Start of Dataset content

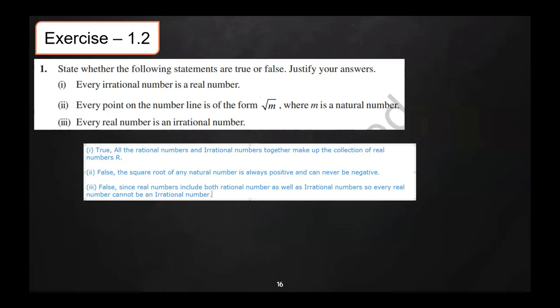So these are the reasons for all three true or false answers. You will have to write them as given in the classwork.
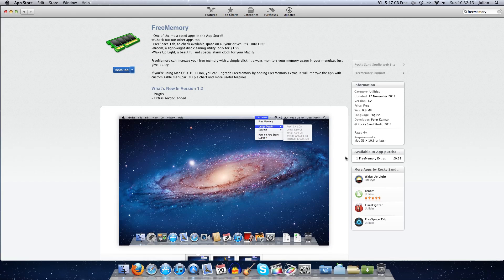There's some screenshots and some information on the page. There's an in-app purchase if you want to make it look nicer. There's the information, it was updated recently on the 12th of November, it's only a 0.9 megabyte download.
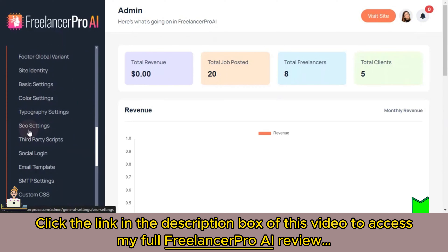In general settings you have full customization options to make the platform your own — add your logo, update banners, and tailor visuals to fit your brand. In payment settings, this is where you set up your own payment information to receive money from your Freelancer Pro AI site. From the transaction management section you can set up commission rates, transaction fees, and withdrawal fees.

End of Dataset content

*Problem:* Could the lines from the top of the material through the line with "There's some screenshots" be repeated exactly, pictures left out?

*Task output:*
So these are the reasons for all three true or false answers. You will have to write them as given in the classwork.
There's some screenshots and some information on the page. There's an in-app purchase if you want to make it look nicer. There's the information, it was updated recently on the 12th of November, it's only a 0.9 megabyte download.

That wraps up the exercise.